We Met on a Thursday, It Ended on a Monday
- The Secret Investment Banker
- Oct 13, 2025
- 4 min read
Updated: Jan 30

We met on a Thursday because Thursdays are for people who don’t really have weekends, or at least for people who like to pretend they still do, clinging to the idea that one more drink after work somehow separates the week from whatever comes next.
She suggested a drink near the office, practical and efficient, and I suggested somewhere with late seating, just in case, which we both accepted without comment, as though this were a normal way to frame the start of something rather than the first quiet concession to lives already overfilled.
She worked in law, M&A but from the other side of the table, and we established that almost immediately, the way people in the City do, not out of genuine curiosity but out of necessity, because once you know what someone does you can roughly calculate how tired they are, how distracted they’ll be and how much emotional space they’re realistically going to have left.
We bonded quickly over shared exhaustion and a mutual contempt for our inboxes, finding comfort in the fact that neither of us needed explanations or apologies for checking our phones too often, because there is something deeply seductive about being understood without having to translate your life.
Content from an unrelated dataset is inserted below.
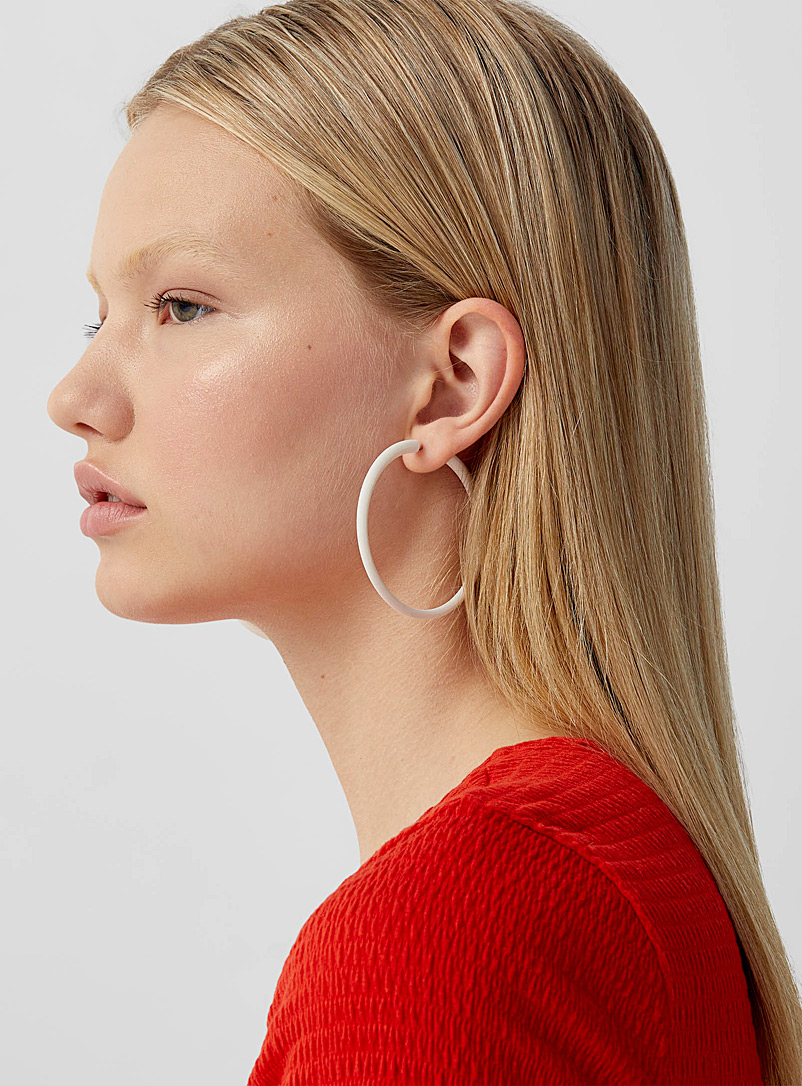 Vox & Oz Ivory White Atlas earrings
We drank more than we planned to, laughed louder than the room required and swapped horror stories like war veterans comparing scars, recounting all-nighters, unreasonable clients and the particular absurdities of people who earn too much money and still feel permanently on edge. The stories were bleak, but the tone was light, because humour is the only socially acceptable way to talk about despair.
Missed calls buzzed and were ignored, briefly and rebelliously, phones turned face down in a gesture that felt symbolic even though neither of us really believed it meant anything.
At 10:30pm, neither of us had checked our phones.
By 10:45pm, both of us had.
There was nothing urgent, nothing demanding an immediate response, just the usual low-grade anxiety humming beneath everything, the reminder that this time wasn’t really ours and that whatever we were doing existed on borrowed hours.
We ordered another drink anyway.
Going back to her place felt easy and familiar, like slipping into a routine we already knew by heart despite having only met a few hours earlier, clothes discarded without ceremony, half-jokes about alarm clocks and early starts, unspoken agreements not to ask questions that might make things heavier than they needed to be.
There were no declarations and no conversations about intentions, because those are luxuries reserved for people with space, and this wasn’t about planning so much as proximity, about enjoying the fact that for a brief window neither of us had anywhere else we were supposed to be.
Friday was a write-off in the way that only Fridays can be when you decide not to care too much. We both cancelled meetings we absolutely shouldn’t have cancelled, doing it casually and without drama, ordered takeaway to her desk and pretended it was indulgence rather than avoidance, telling each other we deserved this while quietly knowing how rarely that sentiment ever lasts.
We talked around important things rather than about them, touching on families, cities we might live in one day, jobs we complained about but were secretly proud of, and people we used to be before ambition hardened into something that felt less negotiable.
By Saturday afternoon, the bubble had started to thin.By Sunday evening, reality crept back in properly.
She checked her phone more often. I caught myself glancing at mine, not because anything was happening but because something always might, and we sat on opposite ends of the sofa with laptops open, half-watching a series neither of us cared about, the kind you choose precisely because it doesn’t ask for attention.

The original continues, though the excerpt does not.